[antlr-interest] Struggling with recursion error

Sat Dec 12 16:51:40 PST 2009

On Sat, Dec 12, 2009 at 7:32 PM, Jim Idle <jimi at temporal-wave.com> wrote:
>
>
>> -----Original Message-----
>> From: antlr-interest-bounces at antlr.org [mailto:antlr-interest-
>> bounces at antlr.org] On Behalf Of André Næss
>> Sent: Saturday, December 12, 2009 8:23 AM
>> To: antlr-interest at antlr.org
>> Subject: [antlr-interest] Struggling with recursion error
>>
>> Hi
>>
>> I've been trying for quite some time now to put together a minimal toy
>> parser, but I'm completely stuck on this recursion error that I don't
>> understand.
>>
>> The parser I'm trying to write is a simple parser for a language that
>> has only let-bindings, if-then-else, integers, variables, and function
>> application. The problem is the latter. A function application
>> typically looks like this:
>>
>>    foo a b 10
>>
>> And I need this to parse as (foo a b 10), not (foo (a (b 10))) (I want
>> to be able to pass functions as values).
>>
>> After some back and forth I figured that by making the topmost expr
>> match either a function application or any other expression, where
>> function applications all begin with ID, I should get the correct
>> parse. And indeed, I do, with backtrack on. If I turn off backtrack,
>> the whole thing fails with
>
> Yes - this isn't the way to do it, you need to combine your ID and function rules in some way. I think that what you are lacking is understanding of LL(n) parsing and how the ANTLR rule layout relates to this. The things in your top level expression have the lowest precedence and the things down at the end of the chain (your atoms) have the highest. When seeing an ID your current rules will pick the higher precedence, which is your atom. So, you need to left factor those as they are ambiguous.
>
> However a bigger problem is that you have a completely ambiguous language, which would only work if this was a runtime interpreted script as without parenthesis to delimit the function arguments, you cannot know what is an ID and what is a function. So, we can make it parse as foo a b 10, but once you see ID, you will consume everything else as arguments to your function up to the ';'. Are you trying to design a language or write something to parse an existing language? The nearest I can see to something like this is VBScript, which was horrendous to write a parser for and the only way to do it was using global backtracking. However, even VBScript is not this ambiguous.

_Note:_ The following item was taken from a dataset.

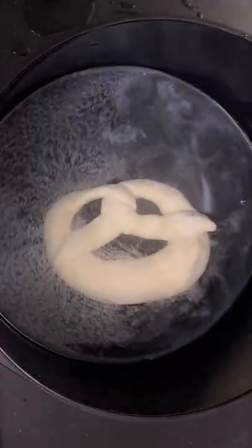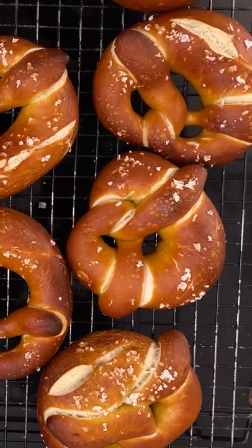Dip the pretzels and put them on a baking sheet. Bake for 20 minutes, then take them out and enjoy your homemade pretzels.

I'm playing around with my own language, but right now it's just
sketches. The "program" rule with semi-colon separate expressions is
just for testing. My language will not have statements (like most
functional languages), and thus all the magic happens in expressions,
and therefore I'm currently focusing on them. And, making function
application greedy for arguments is exactly the behavior I want.

> Designing a language is a difficult thing and you will need a lot more experience before being able to do this well. However, as there are so many horrible languages out there already now, then why not one that is completely logically invalid ;-)

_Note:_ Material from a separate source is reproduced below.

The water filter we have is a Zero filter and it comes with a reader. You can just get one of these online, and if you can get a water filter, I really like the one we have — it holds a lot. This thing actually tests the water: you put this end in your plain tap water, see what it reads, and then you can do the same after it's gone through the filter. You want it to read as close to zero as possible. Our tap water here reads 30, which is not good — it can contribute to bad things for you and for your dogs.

Hehe, it's hard, that's for sure. All the more fun :)

> So, if we rework your example then you will find you get:
>
> [10:21:11] error(211): T.g:25:12: [fatal] rule atomExpr has non-LL(*) decision due to recursive rule invocations reachable from alts 1,2.  Resolve by left-factoring or using syntactic predicates or using backtrack=true option.
> [10:21:11] error(211): T.g:25:8: [fatal] rule atomExpr has non-LL(*) decision due to recursive rule invocations reachable from alts 1,2.  Resolve by left-factoring or using syntactic predicates or using backtrack=true option.
>
> Because there is no way to decide between continuing to consume arguments or ending the list of them. Generally the dynamic languages that think it is good to lose things like ',' and '(' ')' just create huge ambiguities. I have never really understood why people think it such a pain to type ';' at the end of the statement - productivity gained through compiler errors and warnings far outweighs any 'pain' of typing ';'.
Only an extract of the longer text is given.